Cuando presentó su plan de gobierno, el ingeniero Egidio Torre Cantú hizo del conocimiento de todos nosotros un ambicioso proyecto que se denomina Plan Estatal Tamaulipas 2012-2018, y que contiene las líneas básicas de atención que habría que atender, sin que ello quiera decir que otras de menor relevancia sean menos importantes; hay que entender entre prioridades y altas prioridades.
Sin lugar a dudas, y eso lo sabemos casi todos, la salud es y seguirá siendo el renglón prioritario de una administración que establece su plan de gobierno en base a las necesidades de la gente, de ahí que en su gabinete haya echado mano de un elemento que garantice el seguimiento y cumplimiento de las promesas y necesidades de la población.
El secretario del ramo, Norberto Treviño García-Manzo ha conformado a su vez un excelente equipo de trabajo que sigue al pie de la letra las acciones emanadas de las necesidades ciudadanas; el resultado no se ha dejado ver, y algunos indicadores nacionales nos ubican en un lugar de privilegio, lo que realmente no tiene precio, porque cuando un pueblo tiene salud, puede hacer todo cuanto imagine. Sin ella, es simplemente, imposible.
En la celebración del día de la Enfermera y el Enfermero –por aquello de la equidad de género-, el mandatario hizo el reconocimiento al ejército de “hombres y mujeres de blanco” que forman una significativa parte del equipo de salud, al celebrarse su día; ahí, Torre Cantú hizo anuncios importantes, como el establecer el premio al mérito de enfermería que lleva el nombre de su hermano, el queridísimo doctor Rodolfo Torre Cantú. Un reconocimiento a quien se significó por ser un hombre de bien, y a quienes en forma a veces callada llevan a cabo su labor en bien de los que caemos en alguna sala clínica, buscando la salud perdida parcial o temporalmente.

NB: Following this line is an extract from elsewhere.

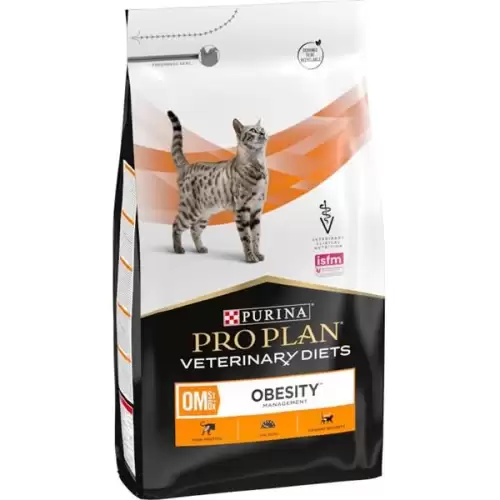  Purina PPVD Feline - OM Obesity Management 5 kg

Son las enfermeras y enfermeros esas personas que, muchas veces, en el anonimato, como comentamos anteriormente, llevan a cabo una labor importante y callada, ya sea vigilando a un enfermo, aplicando una solución o una inyección, suministrando medicamentos, trasladando a alguna sala en especial y muchas cosas más que no alcanzaríamos a escribir, dada la importancia que tienen estos profesionistas en la recuperación del bienestar de cada enfermo.

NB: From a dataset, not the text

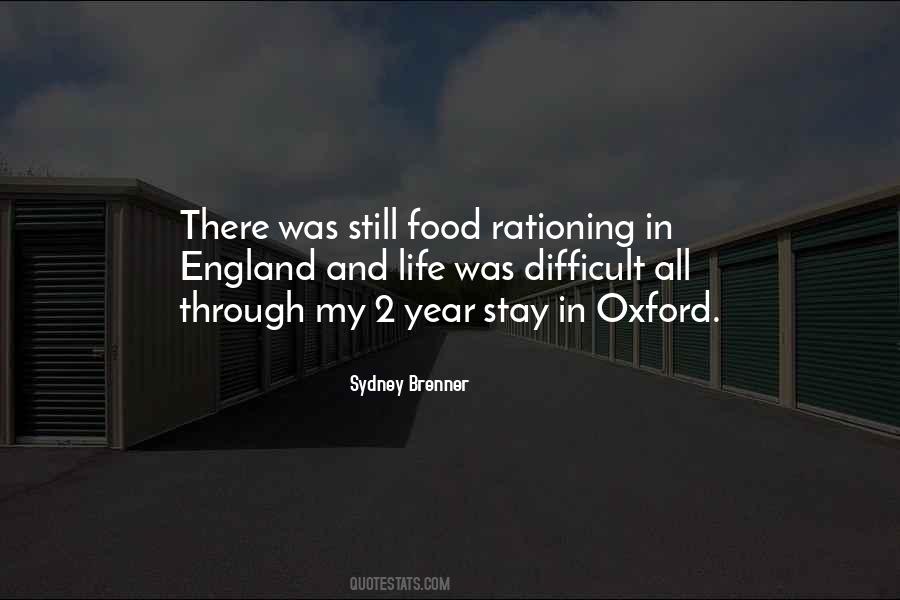Food Rationing Quotes #1008343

Los encontramos en las salas de consulta, en quirófano, en consultorios y cada rincón del hospital, caminando por todos sus pasillos buscando el recurso que ayude al paciente.
Ser enfermera o enfermero no es fácil: se requiere de mucha vocación, y es aquí donde cobra especial importancia la formación que en la Facultad de Enfermería de la Universidad Autónoma de Tamaulipas que dirige la Mtra. Cinthia Ibarra; es ahí, en esos salones de clase, donde, aparte de los conocimientos de medicina que deben tener, se les inyecta la pasión por servir a quienes necesitan de ellos o ellas. Son tan importantes como cualquier elemento del equipo multidisciplinario de salud.

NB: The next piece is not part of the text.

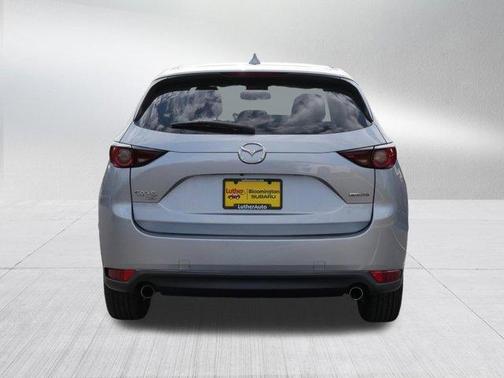 Sonic Silver Metallic 2021 Mazda CX-5 Touring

El gobernador de Tamaulipas hizo el reconocimiento a los miles de profesionistas de esta apasionante e importante actividad para el desarrollo de cualquier pueblo o nación. De ahí la importancia que tiene el que se vea lo que hacen, y que casi siempre pasa desapercibido, porque nos acordamos siempre del médico tratante, pero del personal de enfermería o los pasantes e internos, prácticamente nunca nos acordamos, cuando son los que se aseguran de que las instrucciones de los médicos se lleven al pie de la letra.
Esa es la importancia de los “descendientes de Florence Nightinghale”, de esos seres vestidos de blanco, en algunos casos con su cofia, y en otros, simplemente de blanco, que, calladamente hacen su importante labor. Es por ello que el gobernador Egidio Torre Cantú honró a este grupo de profesionistas con un premio que lleva el nombre de tan inolvidable tamaulipeco: Rodolfo Torre Cantú.